» **TASK PROMPT**:
Reproduce the entries exactly, but keep the pictures out of the copy.

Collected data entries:
⁂

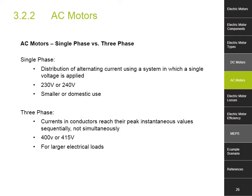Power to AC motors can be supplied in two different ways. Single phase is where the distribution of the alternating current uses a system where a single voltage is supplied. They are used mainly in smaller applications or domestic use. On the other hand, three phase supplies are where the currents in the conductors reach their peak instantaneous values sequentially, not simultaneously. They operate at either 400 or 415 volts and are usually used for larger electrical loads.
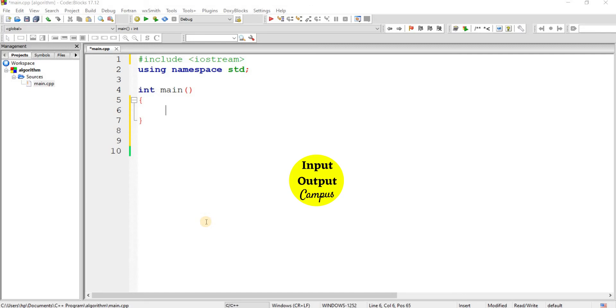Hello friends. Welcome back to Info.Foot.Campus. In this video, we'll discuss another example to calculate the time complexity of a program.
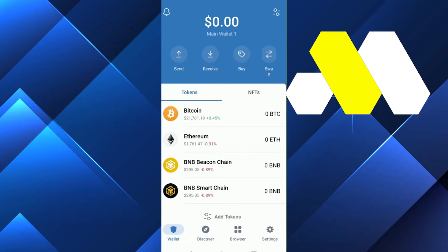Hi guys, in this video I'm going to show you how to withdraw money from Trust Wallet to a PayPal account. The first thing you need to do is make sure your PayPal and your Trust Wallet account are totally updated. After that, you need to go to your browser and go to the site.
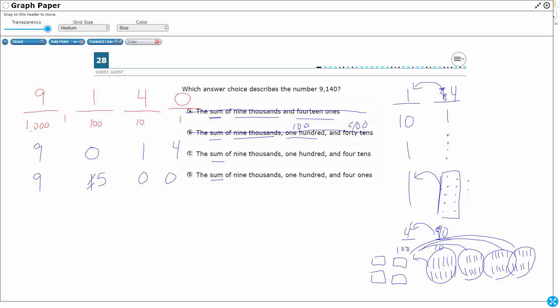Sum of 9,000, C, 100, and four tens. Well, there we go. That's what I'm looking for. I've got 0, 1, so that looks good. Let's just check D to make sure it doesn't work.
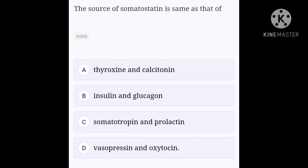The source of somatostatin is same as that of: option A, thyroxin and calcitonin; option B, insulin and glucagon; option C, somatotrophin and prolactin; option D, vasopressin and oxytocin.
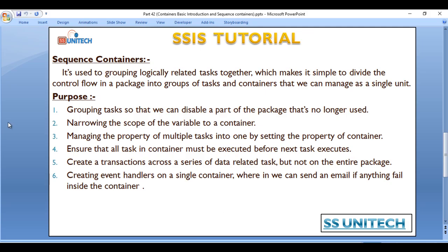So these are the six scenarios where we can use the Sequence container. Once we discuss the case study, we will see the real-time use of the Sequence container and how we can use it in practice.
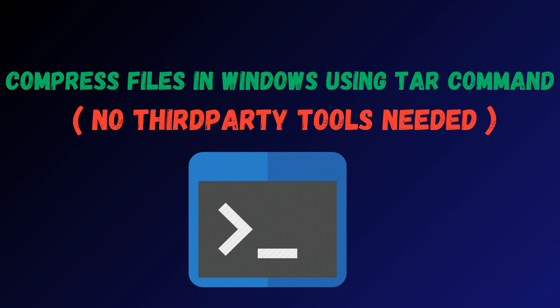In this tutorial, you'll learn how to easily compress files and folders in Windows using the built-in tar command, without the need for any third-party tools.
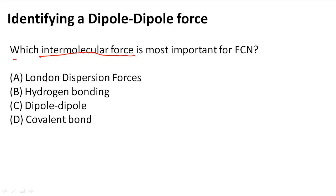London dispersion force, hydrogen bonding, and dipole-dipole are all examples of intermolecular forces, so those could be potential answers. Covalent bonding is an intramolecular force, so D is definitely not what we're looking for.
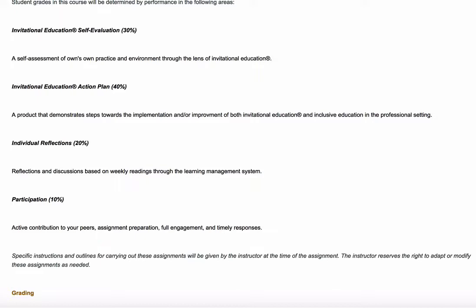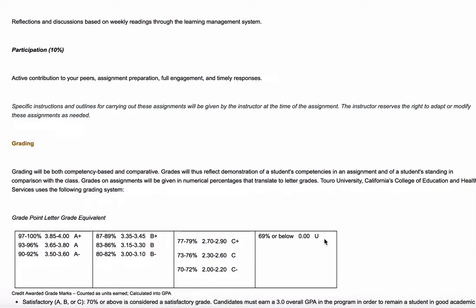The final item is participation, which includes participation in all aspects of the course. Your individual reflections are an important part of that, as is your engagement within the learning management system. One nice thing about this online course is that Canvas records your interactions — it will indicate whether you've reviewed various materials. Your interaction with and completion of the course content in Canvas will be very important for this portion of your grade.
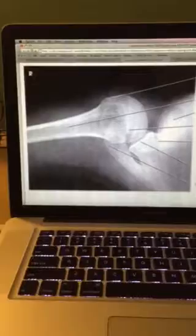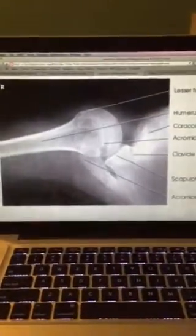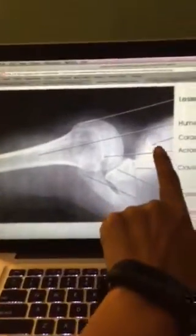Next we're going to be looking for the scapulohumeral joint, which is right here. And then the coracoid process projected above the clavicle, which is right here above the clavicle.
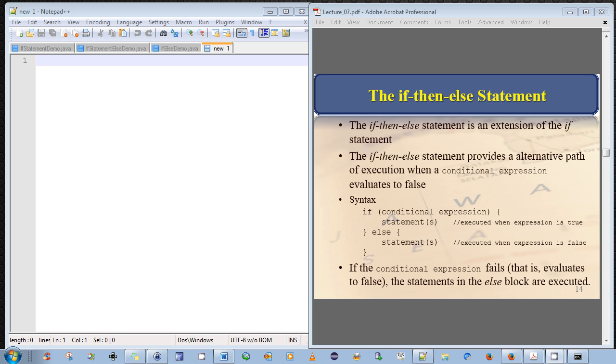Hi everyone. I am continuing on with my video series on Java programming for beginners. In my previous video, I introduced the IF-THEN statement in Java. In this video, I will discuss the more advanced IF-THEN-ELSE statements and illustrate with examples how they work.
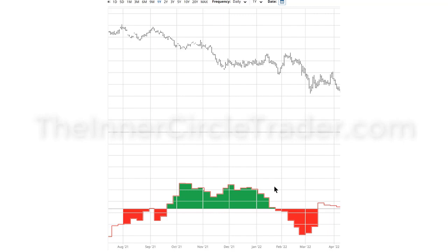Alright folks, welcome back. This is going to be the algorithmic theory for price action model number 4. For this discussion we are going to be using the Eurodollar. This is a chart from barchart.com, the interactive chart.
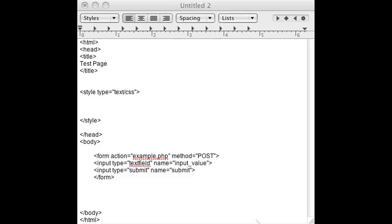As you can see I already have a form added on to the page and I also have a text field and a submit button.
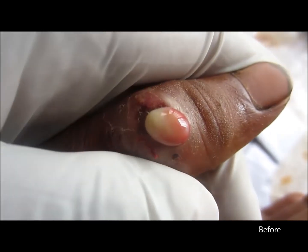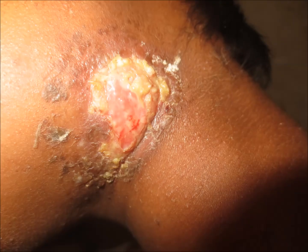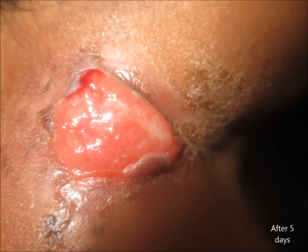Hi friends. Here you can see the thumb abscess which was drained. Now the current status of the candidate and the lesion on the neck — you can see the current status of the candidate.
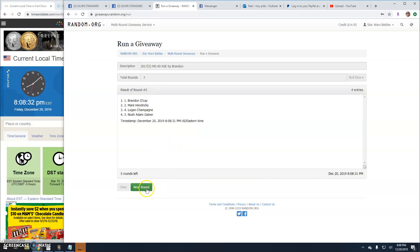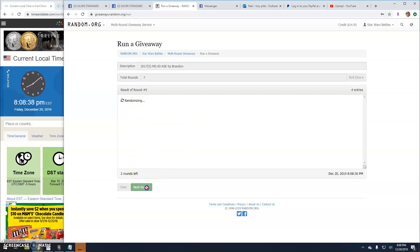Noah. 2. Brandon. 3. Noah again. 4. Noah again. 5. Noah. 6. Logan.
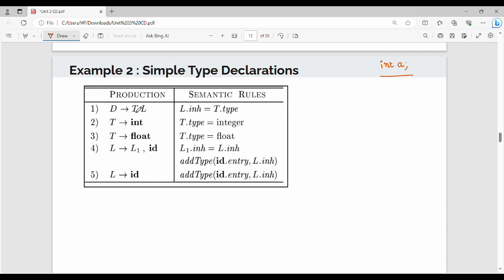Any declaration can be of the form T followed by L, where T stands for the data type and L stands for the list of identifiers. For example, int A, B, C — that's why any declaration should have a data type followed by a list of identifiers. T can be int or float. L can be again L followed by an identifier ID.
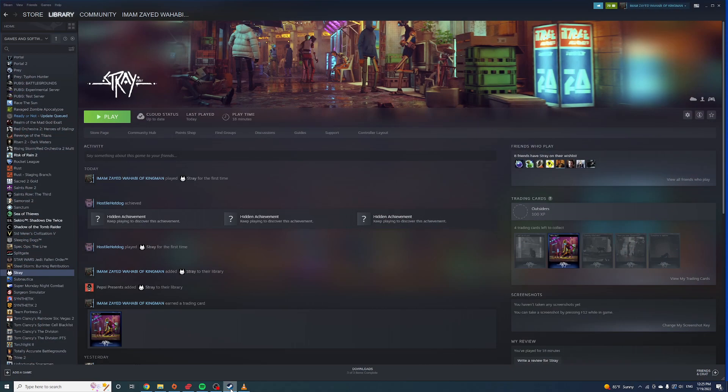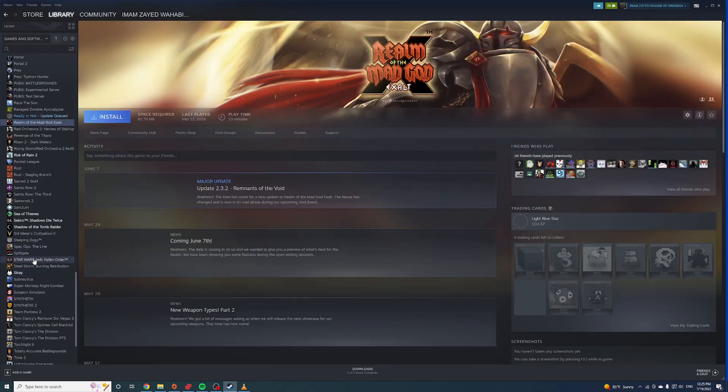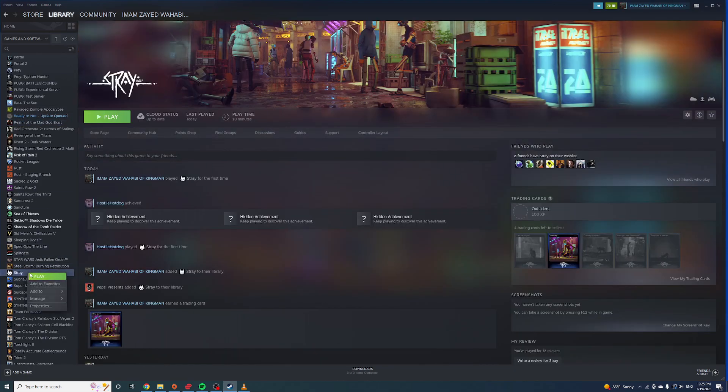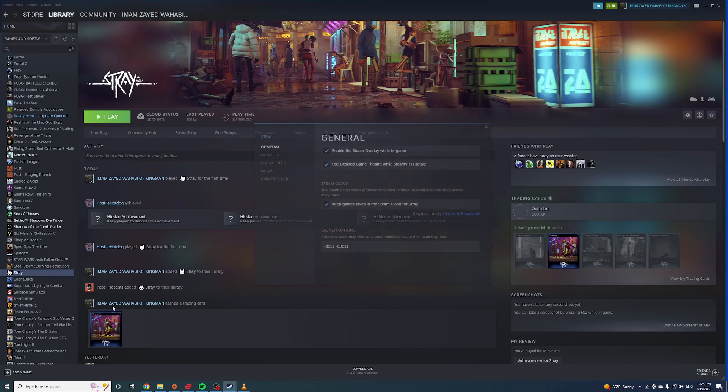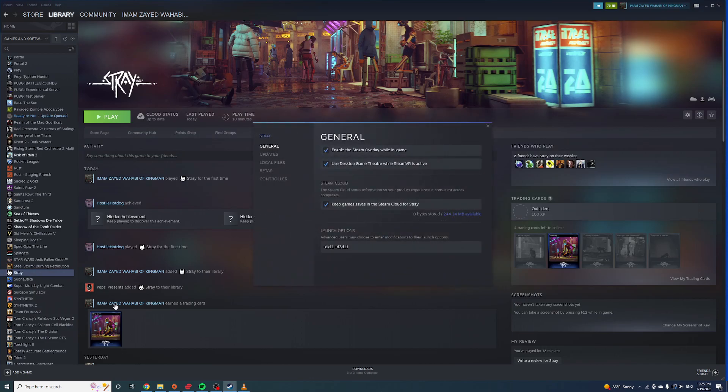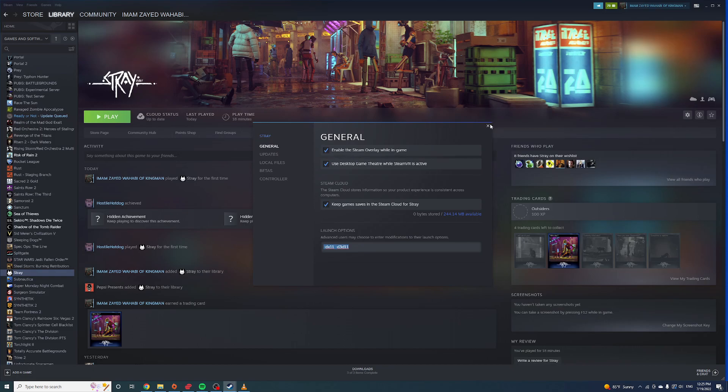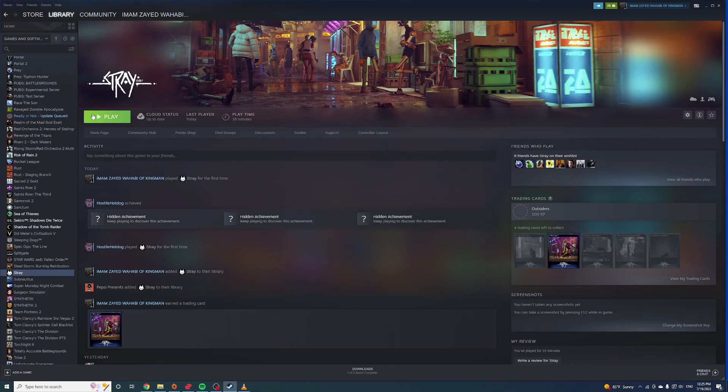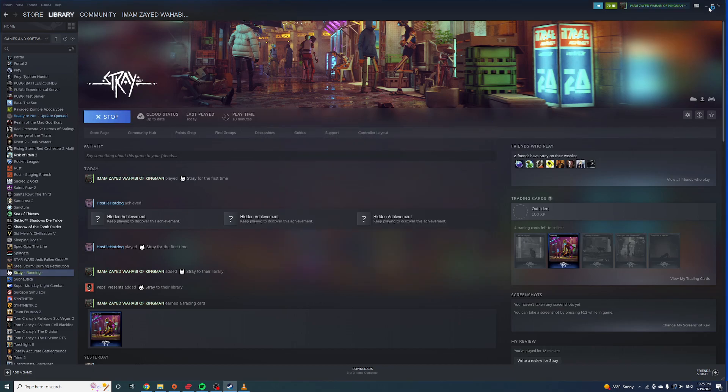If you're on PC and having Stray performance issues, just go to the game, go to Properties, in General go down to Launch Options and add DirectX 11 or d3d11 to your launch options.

⁂

» **EXERCISE RESPONSE**:
Power to AC motors can be supplied in two different ways. Single phase is where the distribution of the alternating current uses a system where a single voltage is supplied. They are used mainly in smaller applications or domestic use. On the other hand, three phase supplies are where the currents in the conductors reach their peak instantaneous values sequentially, not simultaneously. They operate at either 400 or 415 volts and are usually used for larger electrical loads.
Hello friends. Welcome back to Info.Foot.Campus. In this video, we'll discuss another example to calculate the time complexity of a program.
Hi guys, in this video I'm going to show you how to withdraw money from Trust Wallet to a PayPal account. The first thing you need to do is make sure your PayPal and your Trust Wallet account are totally updated. After that, you need to go to your browser and go to the site.
Sum of 9,000, C, 100, and four tens. Well, there we go. That's what I'm looking for. I've got 0, 1, so that looks good. Let's just check D to make sure it doesn't work.
The source of somatostatin is same as that of: option A, thyroxin and calcitonin; option B, insulin and glucagon; option C, somatotrophin and prolactin; option D, vasopressin and oxytocin.
So these are the six scenarios where we can use the Sequence container. Once we discuss the case study, we will see the real-time use of the Sequence container and how we can use it in practice.
In this tutorial, you'll learn how to easily compress files and folders in Windows using the built-in tar command, without the need for any third-party tools.
London dispersion force, hydrogen bonding, and dipole-dipole are all examples of intermolecular forces, so those could be potential answers. Covalent bonding is an intramolecular force, so D is definitely not what we're looking for.
The final item is participation, which includes participation in all aspects of the course. Your individual reflections are an important part of that, as is your engagement within the learning management system. One nice thing about this online course is that Canvas records your interactions — it will indicate whether you've reviewed various materials. Your interaction with and completion of the course content in Canvas will be very important for this portion of your grade.
Next we're going to be looking for the scapulohumeral joint, which is right here. And then the coracoid process projected above the clavicle, which is right here above the clavicle.
Hi everyone. I am continuing on with my video series on Java programming for beginners. In my previous video, I introduced the IF-THEN statement in Java. In this video, I will discuss the more advanced IF-THEN-ELSE statements and illustrate with examples how they work.
Alright folks, welcome back. This is going to be the algorithmic theory for price action model number 4. For this discussion we are going to be using the Eurodollar. This is a chart from barchart.com, the interactive chart.
As you can see I already have a form added on to the page and I also have a text field and a submit button.
Hi friends. Here you can see the thumb abscess which was drained. Now the current status of the candidate and the lesion on the neck — you can see the current status of the candidate.
Noah. 2. Brandon. 3. Noah again. 4. Noah again. 5. Noah. 6. Logan.
Any declaration can be of the form T followed by L, where T stands for the data type and L stands for the list of identifiers. For example, int A, B, C — that's why any declaration should have a data type followed by a list of identifiers. T can be int or float. L can be again L followed by an identifier ID.
If you're on PC and having Stray performance issues, just go to the game, go to Properties, in General go down to Launch Options and add DirectX 11 or d3d11 to your launch options.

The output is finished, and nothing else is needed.